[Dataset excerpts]
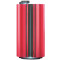 Ergoline Essence 440 Smart Power Solarium Scarlet Red 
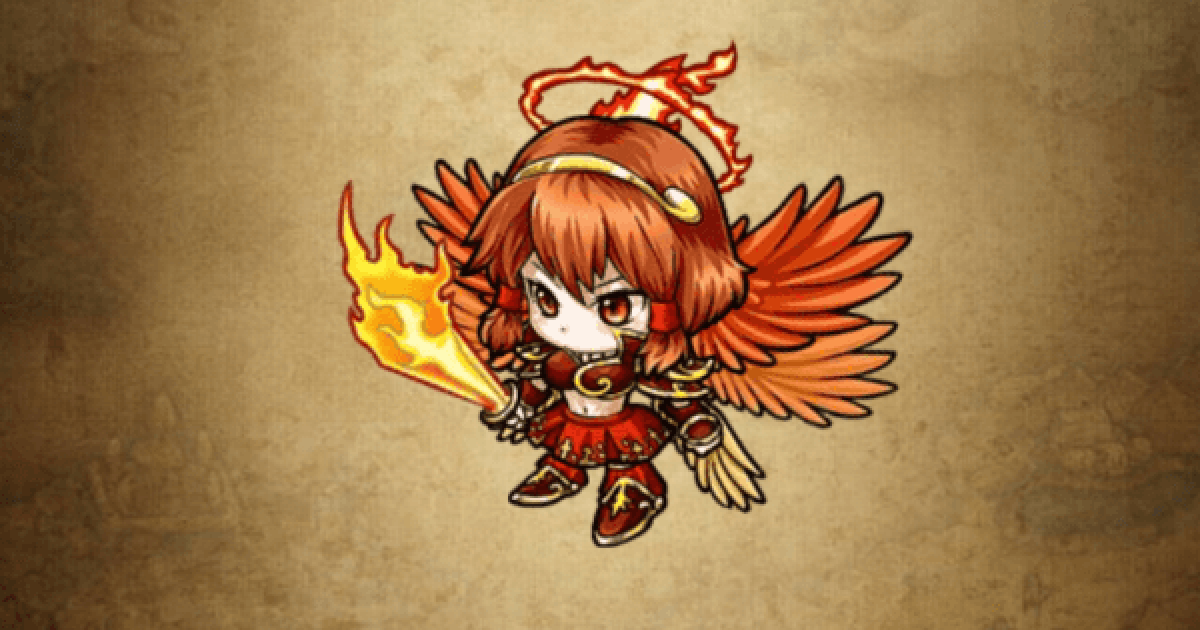 ポコダン ミカエルの評価と強い点 ポコロンダンジョンズ ゲームウィズ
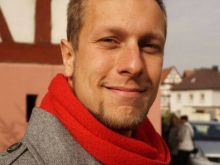 Andreas Damm
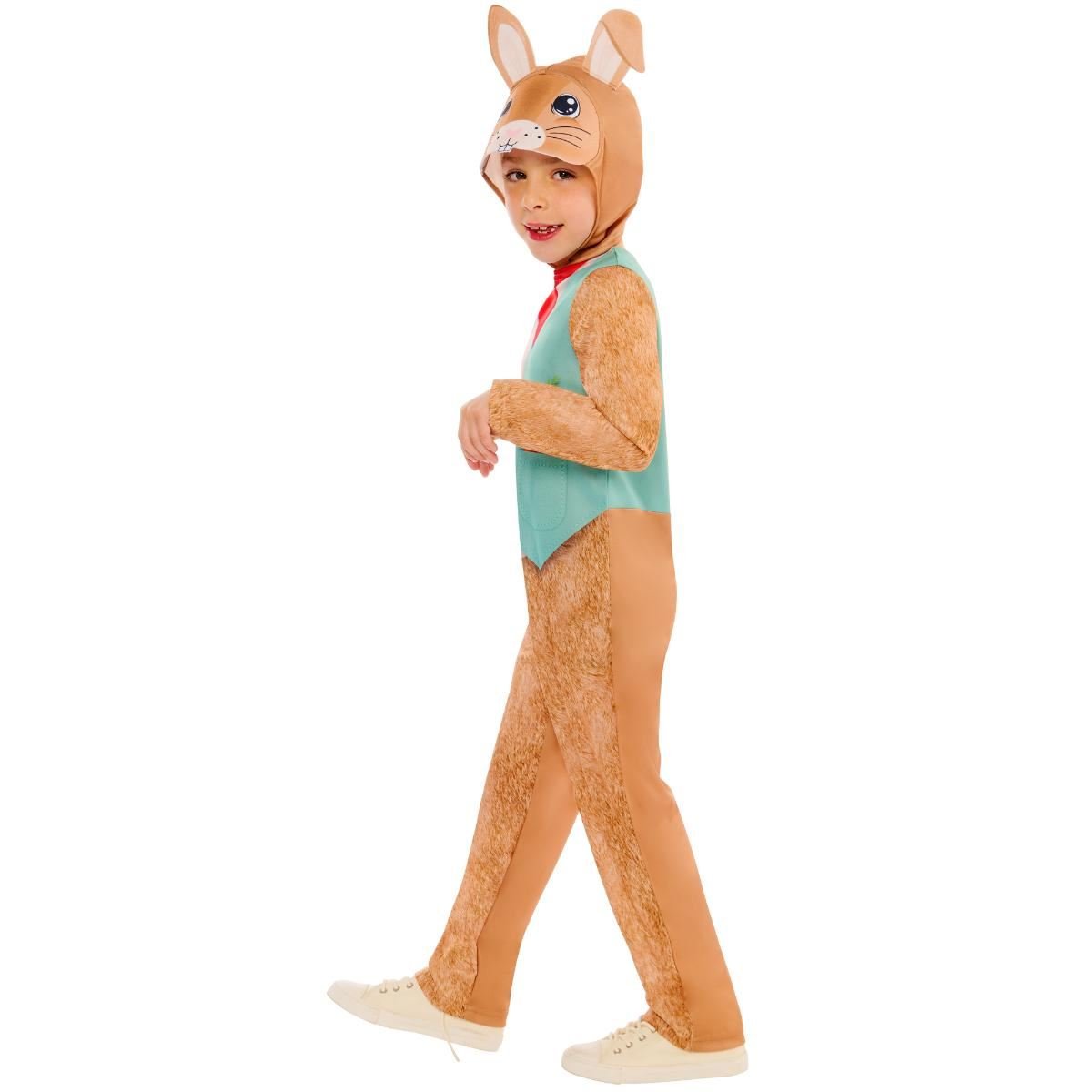 Rubies - Bunny Rabbit Costume - Child - Fancy Dress Central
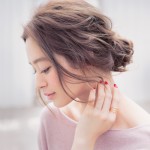 【美的11月号付録】簡単こなれヘア「ウィッグシュシュ」で簡単こなれヘア♪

**YOUR GOAL:** Write out the data exactly, and exclude every picture it holds.

**EXERCISE RESPONSE:**
 Ergoline Essence 440 Smart Power Solarium Scarlet Red 
 ポコダン ミカエルの評価と強い点 ポコロンダンジョンズ ゲームウィズ
 Andreas Damm
 Rubies - Bunny Rabbit Costume - Child - Fancy Dress Central
 【美的11月号付録】簡単こなれヘア「ウィッグシュシュ」で簡単こなれヘア♪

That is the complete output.